Assignment:
Skip pictures in the listing below; copy exactly the lines from the one with "Ohio Innocence Project’s" through the one with "Vivid hot-pink roses", inclusive.

Exercise data:

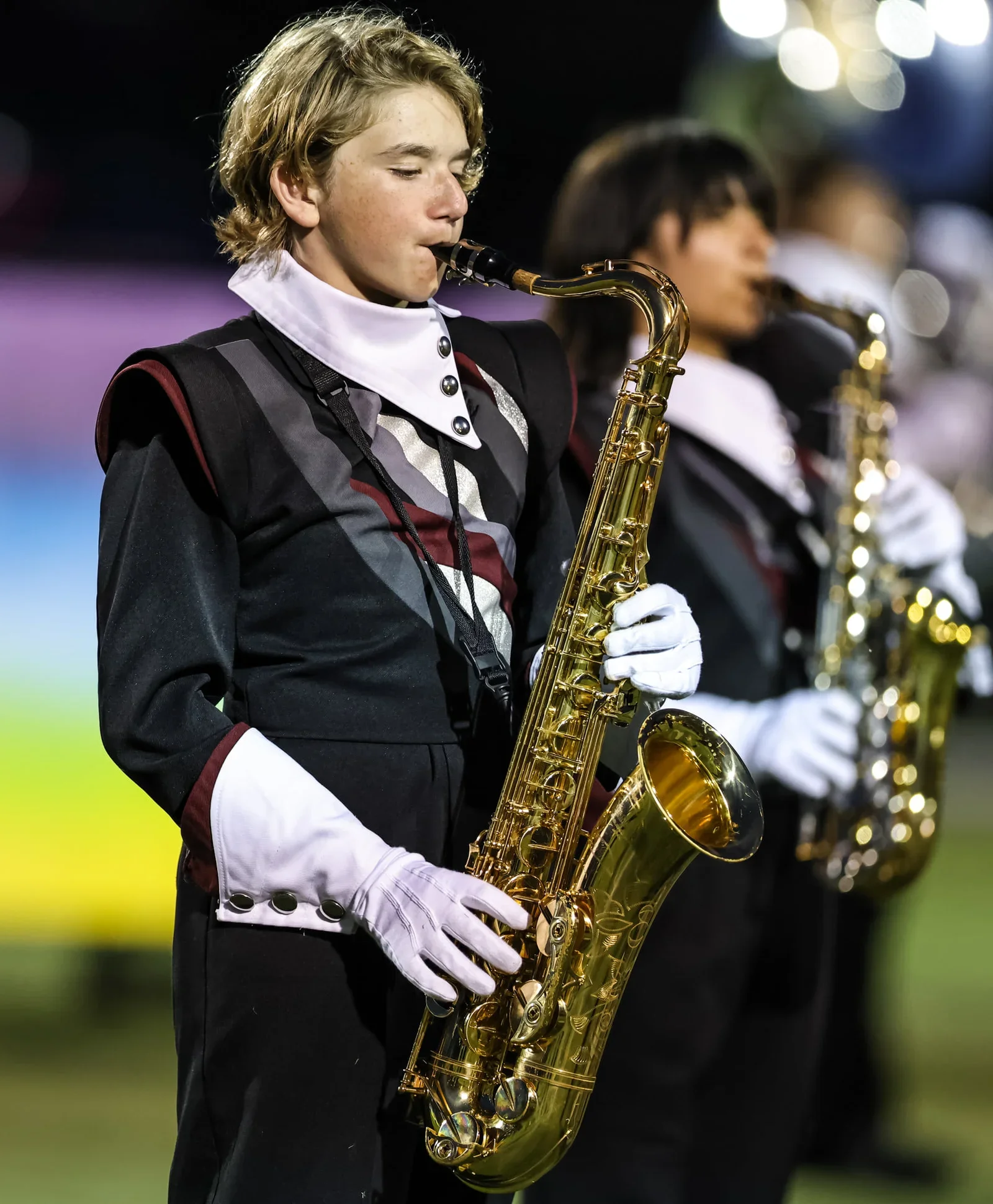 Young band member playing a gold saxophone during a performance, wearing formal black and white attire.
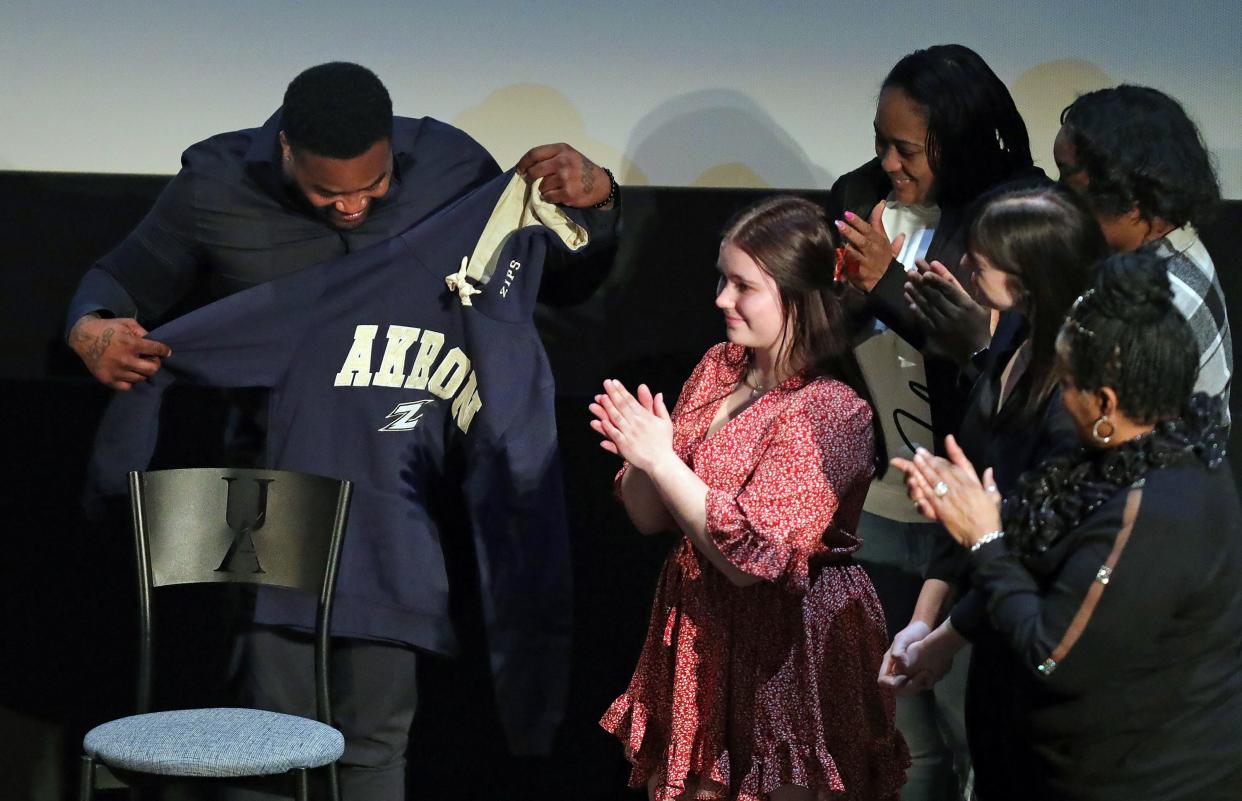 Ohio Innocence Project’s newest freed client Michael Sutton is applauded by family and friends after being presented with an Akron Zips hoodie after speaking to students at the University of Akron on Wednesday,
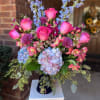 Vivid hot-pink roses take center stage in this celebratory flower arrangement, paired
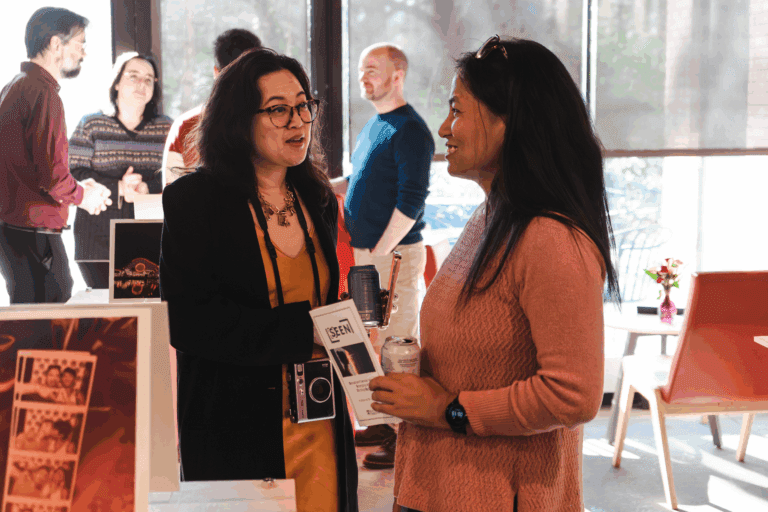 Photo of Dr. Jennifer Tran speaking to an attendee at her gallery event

Task solution:
 Ohio Innocence Project’s newest freed client Michael Sutton is applauded by family and friends after being presented with an Akron Zips hoodie after speaking to students at the University of Akron on Wednesday,
 Vivid hot-pink roses take center stage in this celebratory flower arrangement, paired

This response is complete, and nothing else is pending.